Pertenezco a una generación que descubrió el cine desde los anfiteatros de las diferentes salas que existían en la ciudad mi niñez. El cine fue uno de los grandes atractivos para el ocio de una infancia que creció en un Cáceres con varios lugares de proyección que, cada fin de semana, se llenaban de chiquillos ávidos de descubrir el último estreno de aquel Star-System importado directamente de EE.UU, que producía películas a mansalva, casi siempre protagonizadas por los mismos actores y actrices, cuyos nombres conocíamos a la perfección.

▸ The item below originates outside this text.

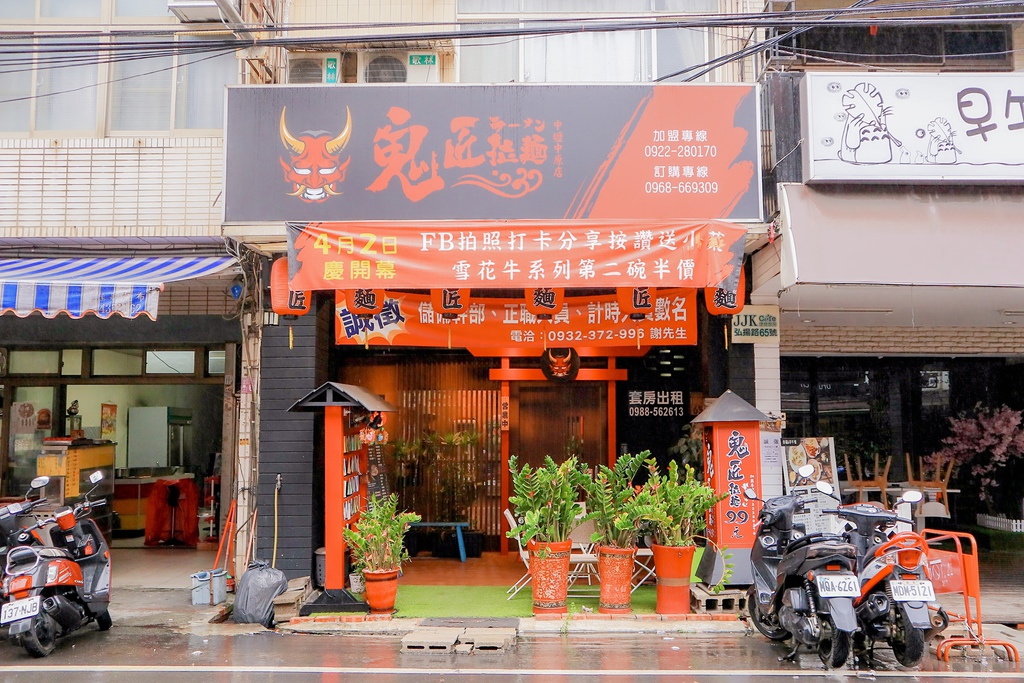 【桃園拉麵】鬼匠拉麵中原店：百元有找拉麵99元起！ 桃園中原夜市 @女子的休假計劃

El gallinero, era el nombre que recibía el último graderío, el lugar donde nos iniciábamos en diferentes cuestiones que poco tenían que ver específicamente con el cine. El gallinero era un lugar acogedor, nos identificaba por nuestra adolescencia, por el desinterés general por la película y por la escasez de recursos monetarios. En el gallinero había un movimiento de butacas durante el pase provocado por diversos intereses y avatares. El gallinero era una escuela de cine amateur, un lugar de reunión y un jolgorio para los más jóvenes. En el gallinero sucedían historias variopintas: había buscadores/as de primeros roces carnales, sucedían disputas por ocupar butacas «cogidas» para algún amigo, había gente que, en el mejor de los casos, lanzaba peladuras al patio de butacas. Era el lugar donde experimentábamos nuestra sensibilidad con la caída de las primeras lágrimas, notábamos las subidas de adrenalina con los sobresaltos de las películas de terror, nos sentíamos vaqueros, espadachines, pobres, ricos, Tarzán, Fantomas o Cantinflas y lo más importante: podíamos gritar cuando se acercaba el 7º de caballería. Allí aprendimos que había una forma de morir que era de mentira, incluso algunos no morían nunca como Drácula, o estaban muertos siempre. Todo esto comiendo pipas, patatas fritas, chicles (algunos pegados en la butaca) y demás viandas infantiles. Aporte energético necesario por haber subido cincuenta peldaños hasta arriba. Ya estábamos preparados para llegar hasta el beso final, aderezado con los silbidos pícaros del respetable.

El gallinero también era el lugar donde inesperadamente podía llegar un señor con una linterna y apuntarte directamente a la cara. ¡Silencio!. Aquello era un lugar divertido, se jugaba al gato y el ratón con el acomodador, incluso podías ser expulsado con tarjeta roja: «a la puta calle, y si te vuelvo a ver por aquí te vas a enterar, sinvergüenza». Cada cine tenía su acomodador y nosotros controlábamos el grado de permisividad que toleraba cada uno.

En los cines cacereños había diferentes tipos de gallineros; un más acorde a salas modernas como el Astoria o el Coliseum y otros más cutres y brutales como los del Gran Teatro o el Norba, con sus suelos de madera que emitían un ruido ensordecedor cuando los convertíamos en instrumento de percusión activado con nuestros pies. Hasta hubo un cine que no tenía gallinero, El Capitol, motivo por el cual no era lugar de peregrinaje dominguero de los niños. Otros cines eran un gallinero en su totalidad, como el situado en el Palacio del Obispo con bancos corridos para favorecer el mestizaje infantil de aquellos que nos recreábamos de una programación protagonizada por películas de monjas y toreros, bajo la guardia del ínclito Isidoro. Eran los gallineros de nuestra niñez, lugares desde los que descubríamos el cine y algunas cosas más.